What to work on =>
When the line with "Students walk in front of the UNT Union" appears below, start repeating lines exactly, and keep going through the line with "Orange juice in"; add nothing outside that span.

Start of Data section

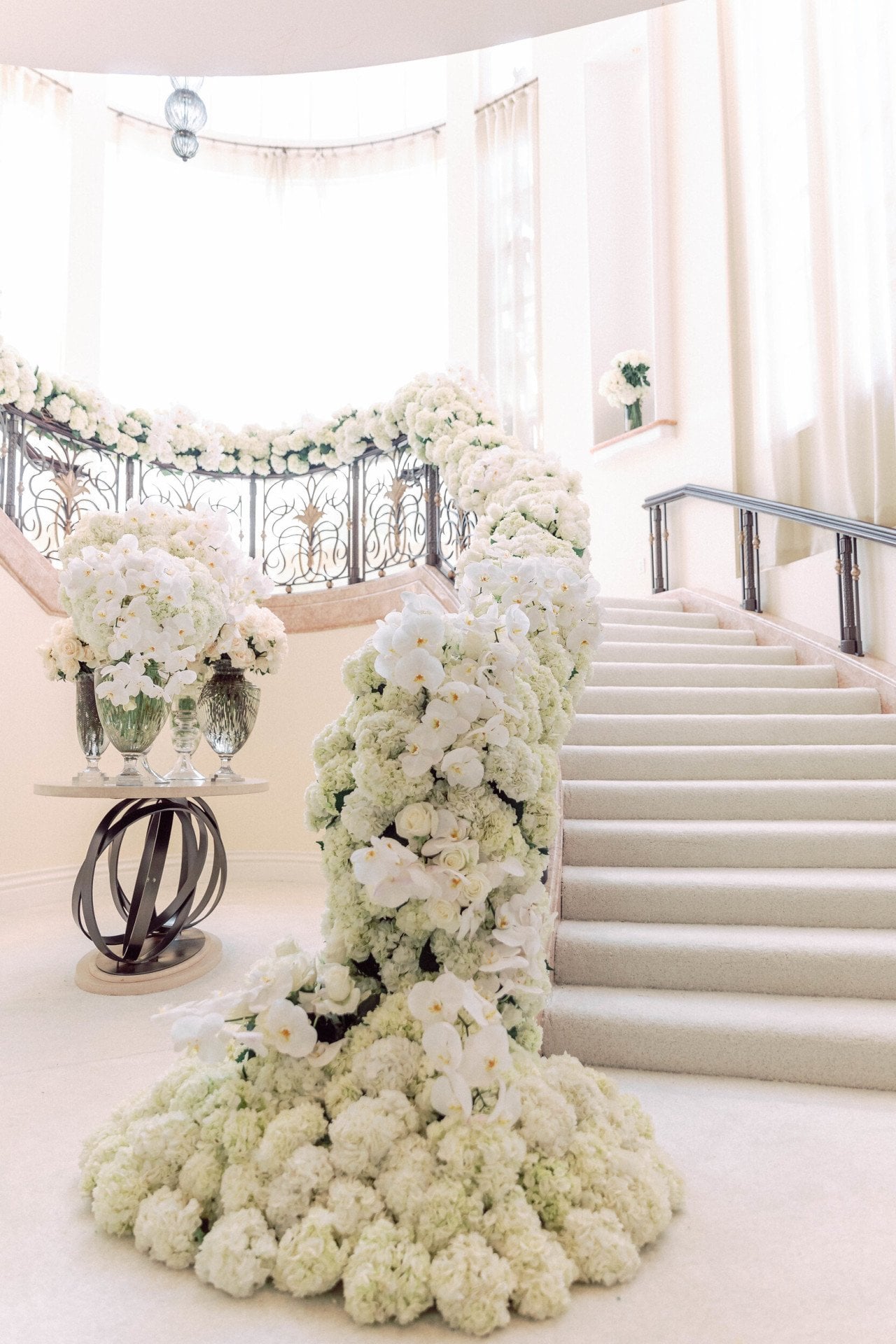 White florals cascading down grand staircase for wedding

End of Data section
Start of Data section

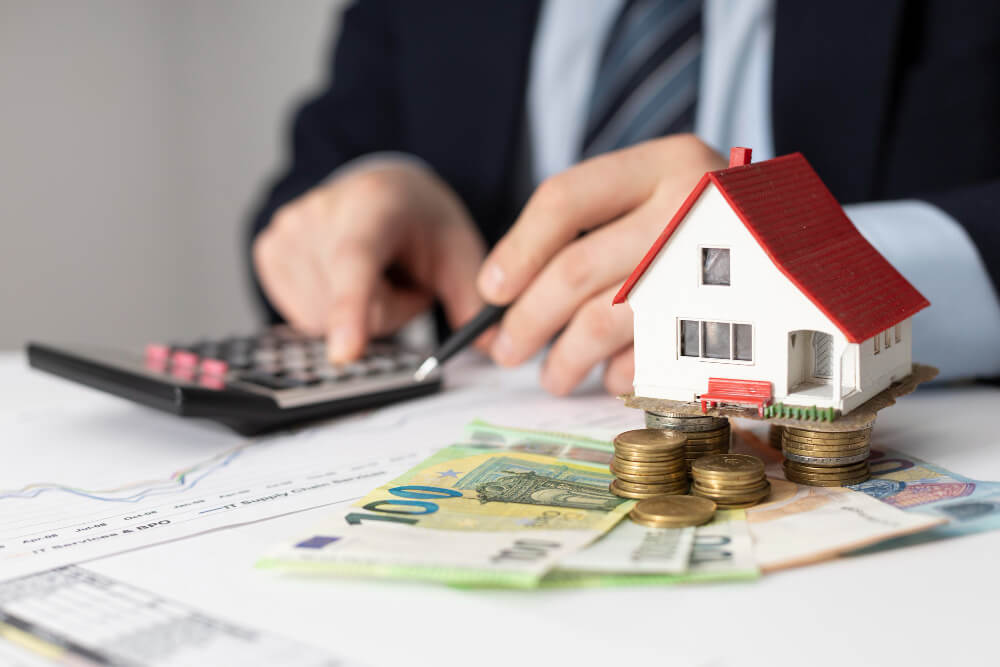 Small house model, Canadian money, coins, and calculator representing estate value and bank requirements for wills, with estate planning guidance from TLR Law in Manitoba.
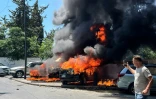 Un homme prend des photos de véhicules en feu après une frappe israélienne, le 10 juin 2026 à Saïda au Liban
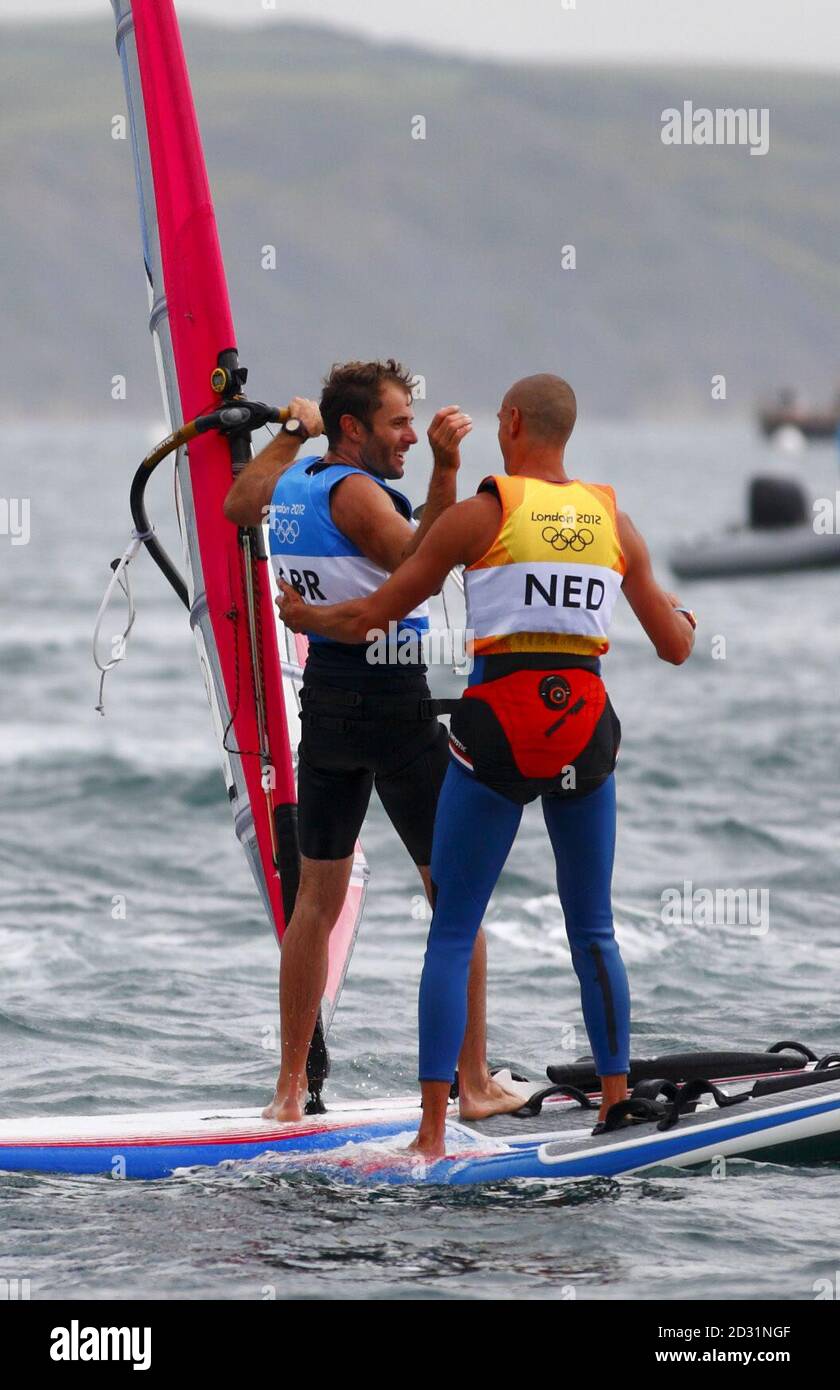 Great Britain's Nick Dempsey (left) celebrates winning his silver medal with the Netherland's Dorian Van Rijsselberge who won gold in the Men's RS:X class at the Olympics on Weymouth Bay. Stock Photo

End of Data section
Start of Data section

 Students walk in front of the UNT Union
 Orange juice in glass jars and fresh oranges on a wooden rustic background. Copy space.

End of Data section

Output for this task =>
 Students walk in front of the UNT Union
 Orange juice in glass jars and fresh oranges on a wooden rustic background. Copy space.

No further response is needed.